Benefit of Domain-Transferred Data for Downstream Tasks (H2): We examined two classification tasks for which reference data generation was feasible: classification of veins/arteries in PAT and organ classification in HSI. For both modalities, we used the completely untouched real test sets, comprising 162 images in the case of PAT and \(\sim \) 920,000 spectra in the case of HSI. For both tasks, a calibrated random forest classifier (sklearn [19] with default parameters) was trained on the simulated, the domain-transferred (by UNIT and cINN), and real spectra. As metrics, the balanced accuracy (BA), area under receiver operating characteristic (AUROC) curve, and F1-score were selected based on [17].

Table 1. Classification scores for different training data. The training data refers to real data, physics-based simulated data, data generated by a CycleGAN, by a UNIT without and with tissue labels (\(\text {UNIT}_\text {Y}\)), and by a cINN without (\(\text {cINN}_\text {D}\)) and with (proposed \(\text {cINN}_\text {DY}\)) tissue labels as condition. Additionally, \(\text {cINN}_\text {DY without GAN}\) refers to a \(\text {cINN}_\text {DY}\) without the adversarial training. The best-performing methods, except if trained on real data, are printed in bold.

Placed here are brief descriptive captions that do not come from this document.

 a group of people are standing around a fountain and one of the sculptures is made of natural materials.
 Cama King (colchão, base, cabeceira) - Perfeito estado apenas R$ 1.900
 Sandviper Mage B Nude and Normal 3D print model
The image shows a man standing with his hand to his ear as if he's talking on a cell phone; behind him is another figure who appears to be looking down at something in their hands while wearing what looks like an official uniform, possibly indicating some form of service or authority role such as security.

As shown in Table 1, our domain transfer approach dramatically increases the classification performance for both downstream tasks. Compared to physics-based simulation, the cINN obtained a relative improvement of 37% (BA), 25% (AUROC), and 22% (F1 Score) for PAT whereas the UNIT only achieved a relative improvement in the range of 20%-27% (depending on the metric). For HSI, the cINN achieved a relative improvement of 21% (BA), 1% (AUROC), and 33% (F1 Score) and it scored better in all metrics except for the F1 Score than the UNIT. For all metrics, training on real data still yields better results.

4 Discussion

With this paper, we presented the first domain transfer approach that combines the benefits of cINNs (exact maximum likelihood estimation) with those of GANs (high image quality). A comprehensive validation involving qualitative and quantitative measures for the remaining domain gap and downstream tasks suggests that the approach is well-suited for sim-to-real transfer in spectral imaging. For both PAT and HSI, the domain gap between simulations and real data could be substantially reduced, and a dramatic increase in downstream task performance was obtained - also when compared to the popular UNIT approach.

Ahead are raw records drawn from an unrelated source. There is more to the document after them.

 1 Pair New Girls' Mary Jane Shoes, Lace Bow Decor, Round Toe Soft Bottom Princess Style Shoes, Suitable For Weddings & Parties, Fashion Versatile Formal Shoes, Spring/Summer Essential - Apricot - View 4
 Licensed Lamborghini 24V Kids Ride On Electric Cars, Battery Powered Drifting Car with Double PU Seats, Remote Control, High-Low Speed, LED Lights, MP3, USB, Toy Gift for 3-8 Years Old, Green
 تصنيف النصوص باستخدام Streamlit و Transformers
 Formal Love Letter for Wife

The only similar work on domain transfer in PAT has used a cycle GAN-based architecture on a single wavelength with only photon propagation as PAT image simulator instead of full acoustic wave simulation and image reconstruction [14]. This potentially leads to spectral inconsistency in the sense that the spectral information either is lost during translation or remains unchanged from the source domain instead of adapting to the target domain. Outside the spectral/medical imaging community, Liu et al. [16] and Grover et al. [10] tasked variational autoencoders and invertible neural networks for each domain, respectively, to create the shared encoding. They both combined this approach with adversarial training to achieve high-quality image generation. Das et al. [5] built upon this approach by using labels from the source domain to condition the domain transfer task. In contrast to previous work, which used en-/decoders for each domain, we train a single network as shown in Fig. 2. with a two-fold condition consisting of a domain label (D) and a tissue label (Y) from the source domain, which has the advantage of explicitly aiding the spectral domain transfer.

The main limitation of our approach is the high dimensionality of the parameter space of the cINN as dimensionality reduction of data is not possible due to the information and volume-preserving property of INNs. This implies that the method is not suitable for arbitrarily high dimensions. Future work will comprise the rigorous validation of our method with tissue-mimicking phantoms for which reference data are available.

In conclusion, our proposed approach of cINN-based domain transfer enables the generation of realistic spectral data. As it is not limited to spectral data, it could develop into a powerful method for domain transfer in the absence of labeled real data for a wide range of image modalities in the medical domain and beyond.